WHAT THIS TASK INVOLVES: Throughout the material below, how many lines include the string "view"? Reply with only the number.

#####

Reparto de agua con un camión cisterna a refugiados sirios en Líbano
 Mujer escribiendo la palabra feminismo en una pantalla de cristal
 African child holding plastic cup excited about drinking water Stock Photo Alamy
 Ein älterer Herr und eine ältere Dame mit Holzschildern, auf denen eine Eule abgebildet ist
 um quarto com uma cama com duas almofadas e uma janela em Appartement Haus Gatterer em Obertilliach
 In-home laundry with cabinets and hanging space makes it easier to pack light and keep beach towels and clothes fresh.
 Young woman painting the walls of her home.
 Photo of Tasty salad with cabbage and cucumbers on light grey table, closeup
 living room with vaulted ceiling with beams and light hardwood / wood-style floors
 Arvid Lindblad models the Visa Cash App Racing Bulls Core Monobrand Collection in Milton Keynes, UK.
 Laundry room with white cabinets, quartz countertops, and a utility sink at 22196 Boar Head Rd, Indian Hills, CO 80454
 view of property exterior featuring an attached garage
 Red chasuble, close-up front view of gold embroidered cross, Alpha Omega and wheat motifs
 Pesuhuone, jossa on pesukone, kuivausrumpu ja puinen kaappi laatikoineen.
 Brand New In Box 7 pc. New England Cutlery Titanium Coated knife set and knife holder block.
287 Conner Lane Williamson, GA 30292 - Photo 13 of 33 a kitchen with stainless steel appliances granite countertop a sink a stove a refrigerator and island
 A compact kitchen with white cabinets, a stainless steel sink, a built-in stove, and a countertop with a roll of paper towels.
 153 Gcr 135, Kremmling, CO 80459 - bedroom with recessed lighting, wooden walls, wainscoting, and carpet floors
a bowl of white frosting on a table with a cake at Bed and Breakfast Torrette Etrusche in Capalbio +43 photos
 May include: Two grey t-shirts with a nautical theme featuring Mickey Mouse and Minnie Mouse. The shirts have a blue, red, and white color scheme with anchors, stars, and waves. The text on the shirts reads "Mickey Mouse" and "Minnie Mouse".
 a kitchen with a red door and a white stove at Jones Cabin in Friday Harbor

#####

THE COMPLETED TASK: 2